Even more troubling for the central government, the grievances of Wukan-ites are representative of a broader problem in China. CCP members readily confess that corruption is rampant. According to the former China bureau chief of the Financial Times, a local official who pays 300,000 yuan for a position can expect to pull in five million within a couple years of occupying his or her post. Most of this will be outside the salary attached to the position, make no mistake. Bribes, kickbacks, and the seizure of land for real estate development deals are part of a predatory system whose victims are ordinary Chinese people. It is the general population that suffers when shoddy materials are used in the construction of schools and roads, or even airports, in the case of the new terminal outside Beijing that recently collapsed. The general population is left homeless when they are evicted without compensation, or with payment insufficient to cover the cost of another residence.
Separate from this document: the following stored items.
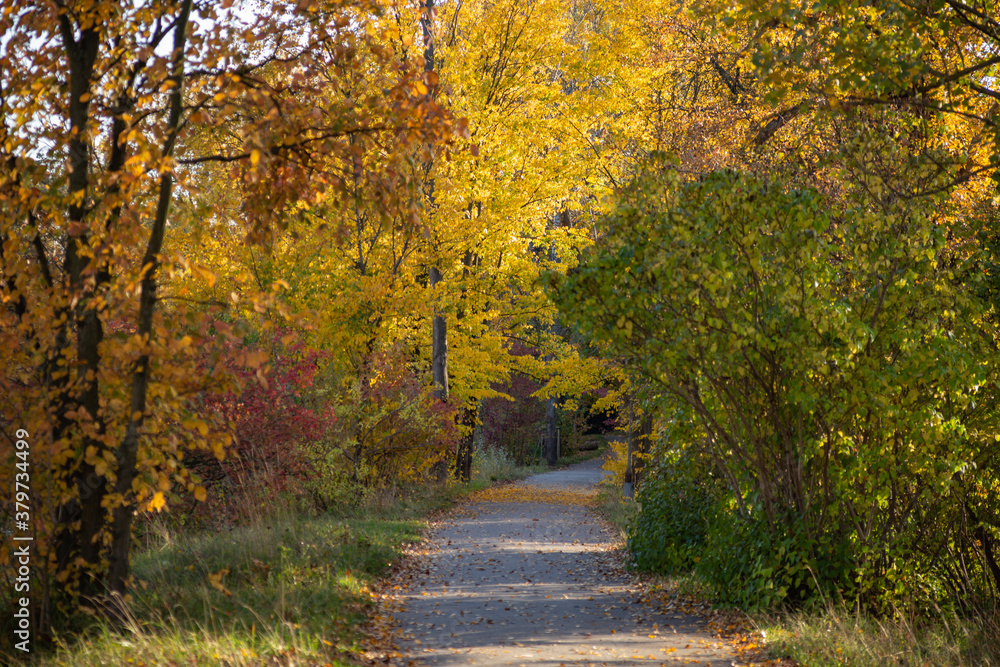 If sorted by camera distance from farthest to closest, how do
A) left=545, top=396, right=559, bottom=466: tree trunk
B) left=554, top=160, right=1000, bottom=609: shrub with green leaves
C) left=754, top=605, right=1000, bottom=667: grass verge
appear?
left=545, top=396, right=559, bottom=466: tree trunk < left=554, top=160, right=1000, bottom=609: shrub with green leaves < left=754, top=605, right=1000, bottom=667: grass verge

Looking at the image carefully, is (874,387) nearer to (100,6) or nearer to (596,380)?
(100,6)

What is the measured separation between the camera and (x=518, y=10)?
19.2 m

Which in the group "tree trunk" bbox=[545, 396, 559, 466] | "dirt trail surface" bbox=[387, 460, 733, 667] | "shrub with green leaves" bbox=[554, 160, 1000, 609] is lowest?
"tree trunk" bbox=[545, 396, 559, 466]

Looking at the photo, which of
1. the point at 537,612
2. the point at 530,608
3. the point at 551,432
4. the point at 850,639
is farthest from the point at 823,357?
the point at 551,432

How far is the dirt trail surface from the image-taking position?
21.2 ft

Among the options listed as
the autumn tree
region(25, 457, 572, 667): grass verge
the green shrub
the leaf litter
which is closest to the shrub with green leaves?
the leaf litter

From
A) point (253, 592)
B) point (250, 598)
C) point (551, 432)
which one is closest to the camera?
point (250, 598)

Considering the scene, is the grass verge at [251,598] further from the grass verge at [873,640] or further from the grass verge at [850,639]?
the grass verge at [873,640]

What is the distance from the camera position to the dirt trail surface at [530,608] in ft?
21.2

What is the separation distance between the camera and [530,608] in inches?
325

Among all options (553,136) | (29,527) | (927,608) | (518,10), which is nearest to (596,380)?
(553,136)

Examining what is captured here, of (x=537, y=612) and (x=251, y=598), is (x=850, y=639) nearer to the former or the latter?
(x=537, y=612)

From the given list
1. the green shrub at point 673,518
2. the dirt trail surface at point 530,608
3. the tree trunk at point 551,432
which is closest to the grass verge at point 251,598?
the dirt trail surface at point 530,608

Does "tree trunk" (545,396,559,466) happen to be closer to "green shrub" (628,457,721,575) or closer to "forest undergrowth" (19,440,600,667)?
"forest undergrowth" (19,440,600,667) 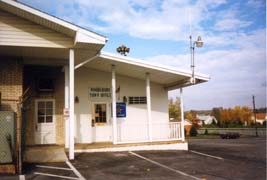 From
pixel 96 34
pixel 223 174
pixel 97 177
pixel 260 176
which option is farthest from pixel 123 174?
pixel 96 34

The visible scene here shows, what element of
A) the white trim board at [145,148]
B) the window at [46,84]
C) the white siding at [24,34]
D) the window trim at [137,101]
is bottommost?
the white trim board at [145,148]

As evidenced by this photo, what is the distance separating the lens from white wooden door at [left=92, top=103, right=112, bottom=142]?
13.9m

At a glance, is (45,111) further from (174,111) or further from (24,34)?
(174,111)

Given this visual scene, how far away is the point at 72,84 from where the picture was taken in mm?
9789

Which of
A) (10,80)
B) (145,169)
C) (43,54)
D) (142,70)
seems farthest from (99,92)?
(145,169)

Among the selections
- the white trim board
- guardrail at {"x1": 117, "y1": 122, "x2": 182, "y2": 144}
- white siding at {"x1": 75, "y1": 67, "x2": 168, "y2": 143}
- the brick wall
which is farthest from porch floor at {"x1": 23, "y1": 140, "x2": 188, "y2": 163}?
the brick wall

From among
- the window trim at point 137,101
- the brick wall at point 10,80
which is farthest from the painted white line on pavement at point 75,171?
the window trim at point 137,101

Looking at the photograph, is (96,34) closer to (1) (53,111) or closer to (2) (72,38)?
(2) (72,38)

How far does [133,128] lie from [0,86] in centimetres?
655

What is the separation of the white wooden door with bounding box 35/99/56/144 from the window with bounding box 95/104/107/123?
6.84 ft

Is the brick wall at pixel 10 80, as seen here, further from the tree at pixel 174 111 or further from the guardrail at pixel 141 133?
the tree at pixel 174 111

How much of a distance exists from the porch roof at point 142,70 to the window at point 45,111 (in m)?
2.54

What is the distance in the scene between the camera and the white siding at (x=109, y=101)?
1373cm

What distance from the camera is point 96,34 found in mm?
9312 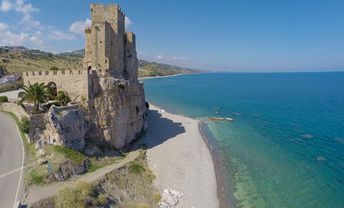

These issues are at the forefront of internal party debates on future economic and social policy in the run-up to next year's leadership transition. A rivalry between spokesmen for different approaches has been much reported. The populist, Mao-invoking leader of Chongqing, Bo Xilai, who launched a very public anti-corruption campaign, is said to be vying with Wang Yang, the leader of Guangdong province where Wukan is located, for a seat on the Politburo standing committee.

Whether or not reports of lead protester Lin Zulian's ties in Beijing are accurate, the Wukan incident is likely to foment divisions among party elites, as factions argue over who was responsible and how the situation should have been handled. The fact that news of the uprising reached both domestic and foreign audiences despite the suppression efforts of China's propaganda authorities indicates the limits of the country's vast censorship apparatus. Dissension within its ranks may even have played a role.

Finally, amidst the climate of debate and recrimination in Beijing, some will highlight the coincidence of the Wukan uprising with the "Occupy" movement in the United States. Despite the fact that Wukan residents clearly acted on their own initiative, in response to local grievances, their achievement is likely to heighten the already acute sensitivity of China's political leaders to evidence of foreign efforts to sow instability in the country. Rather than scapegoat Washington, however, China's leaders would do well to remember that what happened in Wukan was their taste of the Arab Spring, not evidence of external meddling in China's affairs.

Jacqueline N. Deal is a senior fellow at the Foreign Policy Research Institute and president of the Long Term Strategy Group, a defense research firm.